My response was immediate; surely blank-slate characters exist. Look at Nicholas Nickleby - wet as all get out. What does he add to the story named after him? Early novels in the Bildungsroman tradition often had a central character who was important not so much for the things he did, but for the things he didn't do, the things that happened to him. Rousseau explains his theories of education deliberately using Emile as a blank slate;Wilhelm Meister walks around eighteenth-century Germany in a kind of daze; and Nick Carraway is a witness only to the enigmatic and absent Gatsby.

Then I stopped being so pretentious and thought, of course there's such a thing as a blank-slate character. You walk around with one all the time. It's you.

Some of my characters are inspired by people I know, and it's hard not to fall in the trap of trying to get that unique and changeable host of characteristics down on paper. This character needs to do xyz, but, he's more complex than that. Or, she wouldn't say that. And that's laudable: people are hard to pin down, they're not stereotypes, not flat and one-dimensional. But holding her tongue because that's in line with her character, so she can mooch about it all night instead, chapters and chapters worth of tedious ramblings, before finally something happens to put her in the same position I needed her to be in 56 pages ago? Booo-ring.

Trying to write so-called "realistic" characters - ones with all the contradictory whims, habits and beliefs of the people you know - is impossible. It gets you nowhere.

Storywarp reminded me that a lot of drama is rooted in character, and that I hadn't been paying enough attention to it. It also showed me that I had to get rid of this notion of doing justice to the complex characters I walk around with, and am, every day.

Character isn't an everyday experience. Characters don't form themselves simply and clearly in our minds. They are a constant fiction, something we have to work at, to make it seem like we are consistent, identifiable, that at any point someone could pick us out of a crowd.

Like every layer of a novel, there's a lot of art that goes into creating character.

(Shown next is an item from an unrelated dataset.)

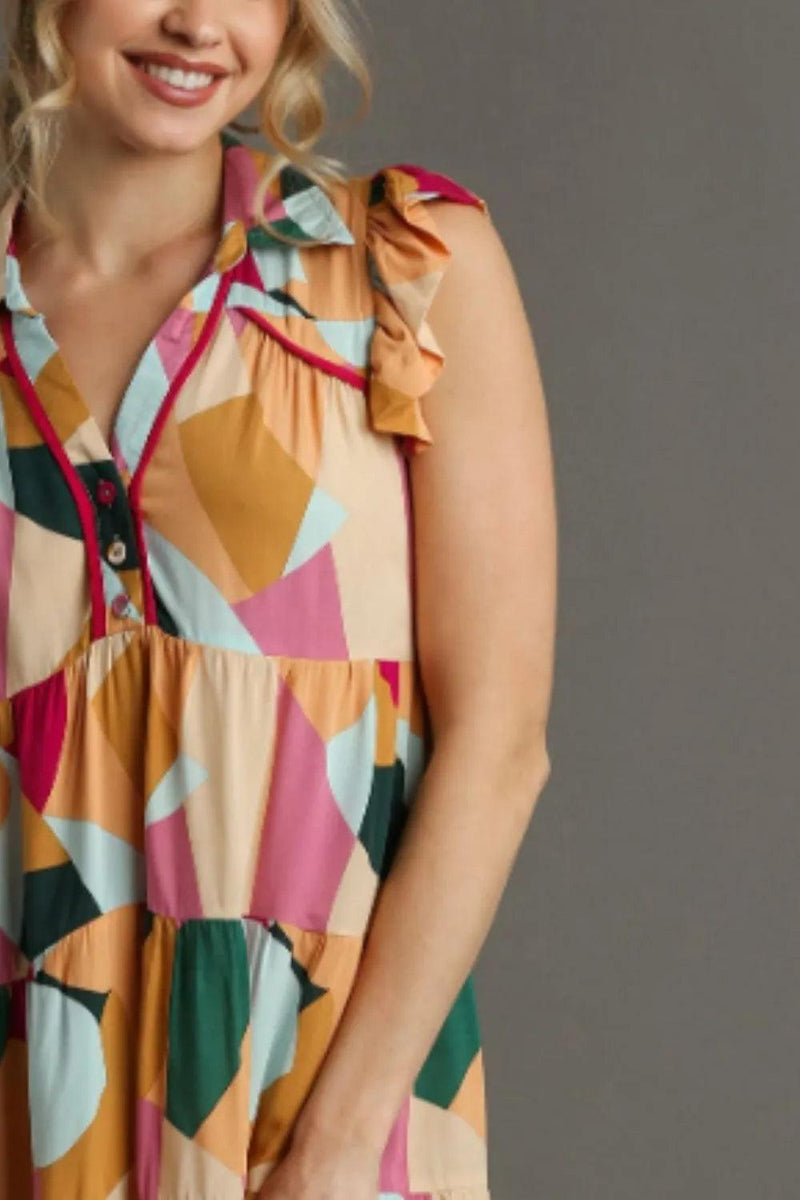 Umgee Button Detail Ruffle Sleeve Mini Dress Plus Size - Three Mad Hatters Mercantile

Each one should not aim to be uniquely identifiable, but do its job, add to the story. Action = character, after all.

Drama, on the other hand, takes not just the script but the perfomance into account. Every actor playing Hamlet has to decide how to play him: as a petulant, spoilt boy, or as a wounded, haunted man. You have to give him an angle. Is Lear sinning or sinned against? The play leaves it open, but every member of the audience goes away with an opinion on way or another.

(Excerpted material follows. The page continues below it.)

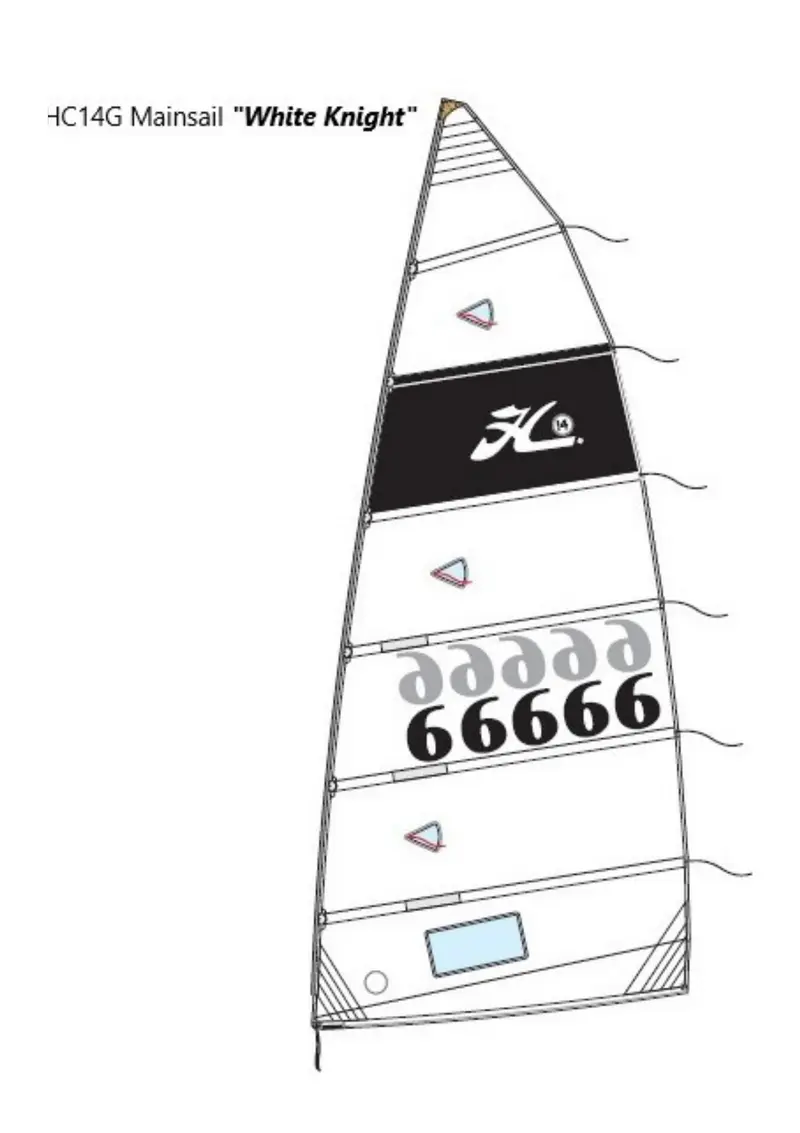 Hobie 14 Global Großsegel WHITE KNIGHT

I've quoted Robert McKee on archetypes before, but it really made me stop and re-read it a few times when I first came across it. Is he really saying that successful characters are archetypal first, and characteristic second? To start with specifics, in McKee's words, is to risk writing "narrow, culture-specific experience" and dress it "in stale, nonspecific generalities" (The Story, p.4).

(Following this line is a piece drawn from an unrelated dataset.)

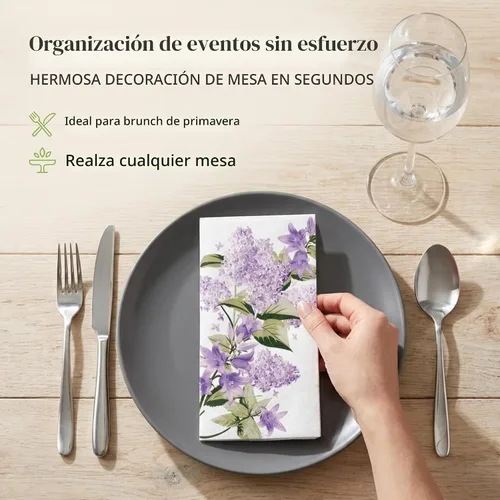 Vista 6 de 100 servilletas florales moradas de 3 capas desechables de papel toallas de mano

At first, the advice to write archetypes to avoid stereotypes seems counter-intuitive. But McKee is saying you’ve got to take a real-life character and smooth out its fuzzy lines, harden its edges, fictionalise it. There's no point worrying that Aunt Emily wouldn't go out in such weather - get her out there. What'd change her mind? What'd make her put her dressing gown on and venture outside?

In other words, exaggerate characters. Don't minimise them. It’s the only way to get them moving - you can make it more subtle in the edit.

Word count this week: 6,836* Total word count: 68,871 First draft: 58,855

* Word count is high this week because as well as finishing section three I also planned the next section, tidied up my notes and added some old ideas that still work. THAT'S NOT CHEATING! The first draft is simply catching up with my total word count. Ahem.